* _Exercise requirements_: Line by line, restate the material word for word, omitting any image.

* _Available data_:
__________________________________________________
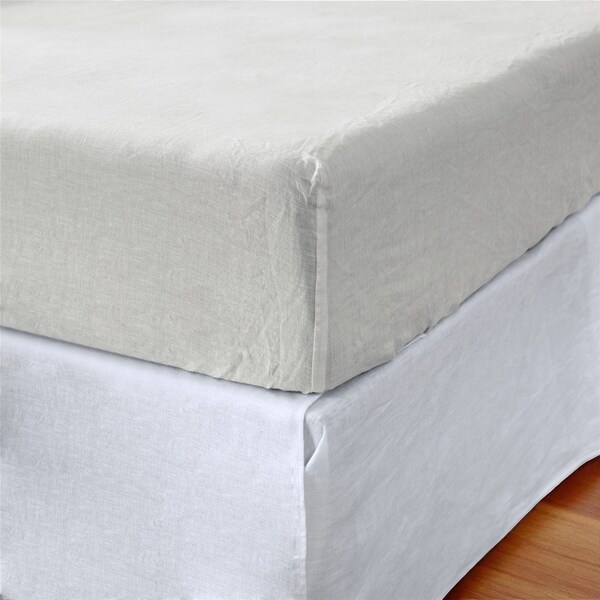 Homeroots Ivory Linen Twin Fitted Sheet 520796 - main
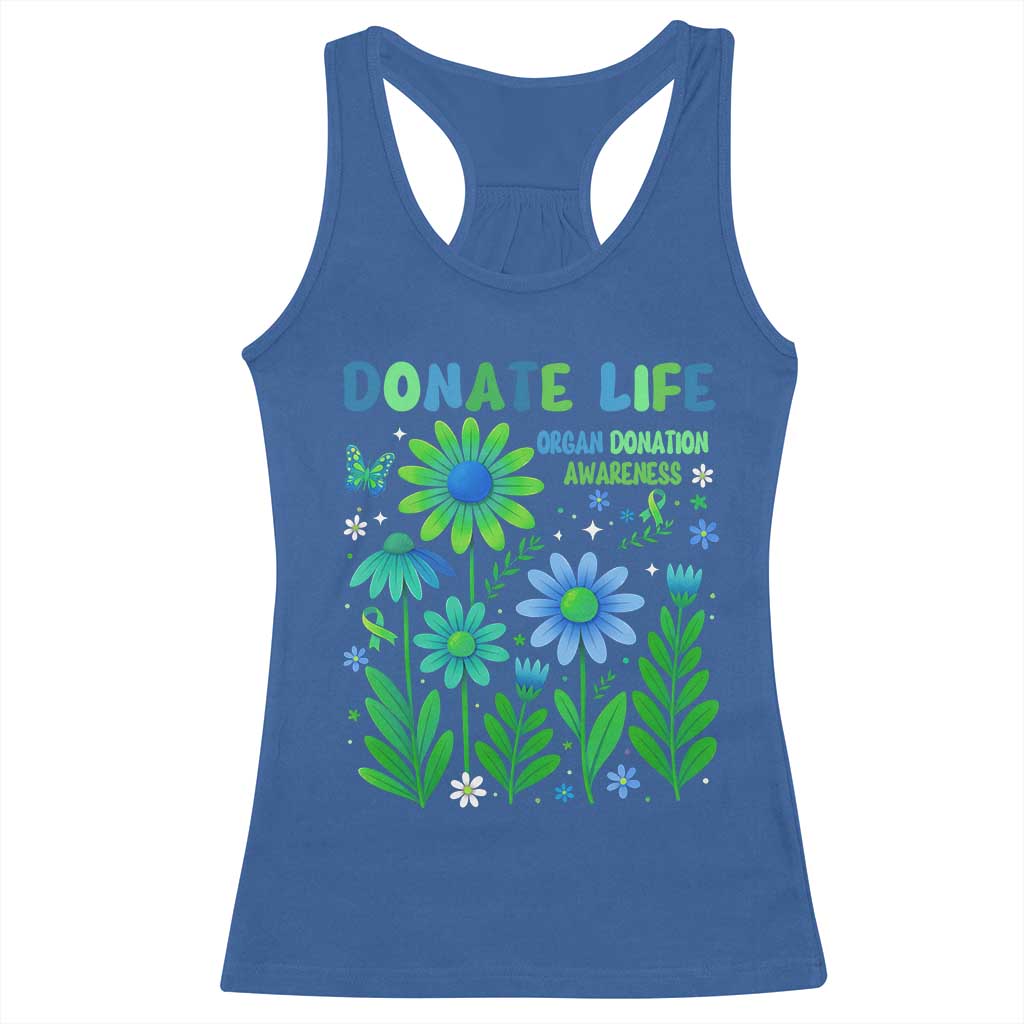 Organ Donation Awareness Racerback Tank Top Green Ribbon Donate Life Floral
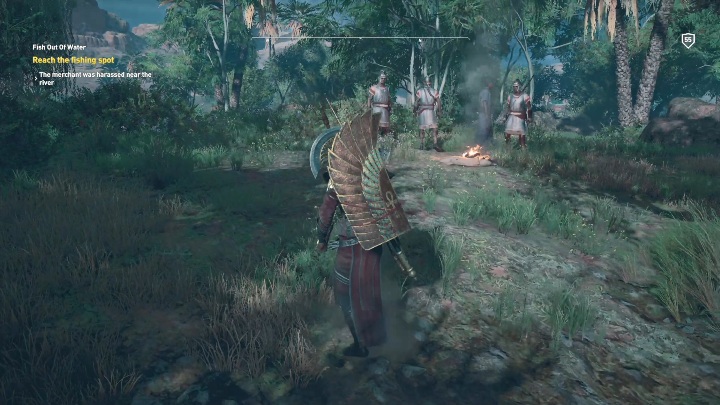 Na początku tej misji musisz porozmawiać z mężczyzną w namiocie, da ci on zadanie - Nom Yebu, zadania i questy, solucja AC Origins The Curse of the Pharaohs - Assassins Creed Origins - poradnik do gry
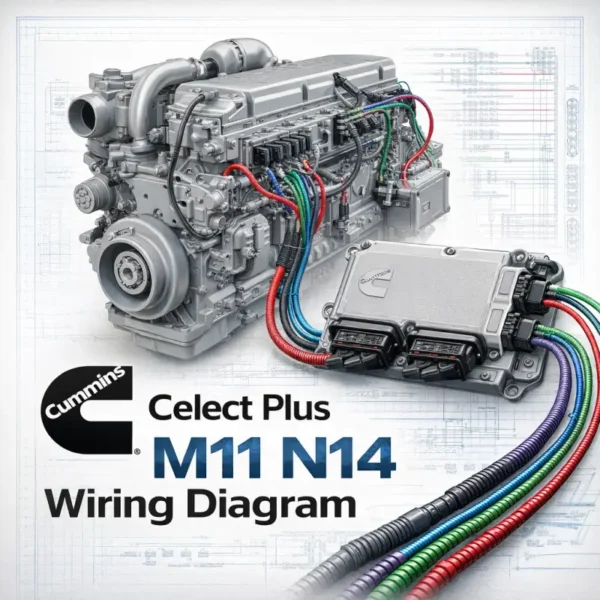 Cummins Industrial Celect Plus M11 N14 wiring diagram ECM pinout injector sensor J1939 schematic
__________________________________________________
* _Exercise answer_:
 Homeroots Ivory Linen Twin Fitted Sheet 520796 - main
 Organ Donation Awareness Racerback Tank Top Green Ribbon Donate Life Floral
 Na początku tej misji musisz porozmawiać z mężczyzną w namiocie, da ci on zadanie - Nom Yebu, zadania i questy, solucja AC Origins The Curse of the Pharaohs - Assassins Creed Origins - poradnik do gry
 Cummins Industrial Celect Plus M11 N14 wiring diagram ECM pinout injector sensor J1939 schematic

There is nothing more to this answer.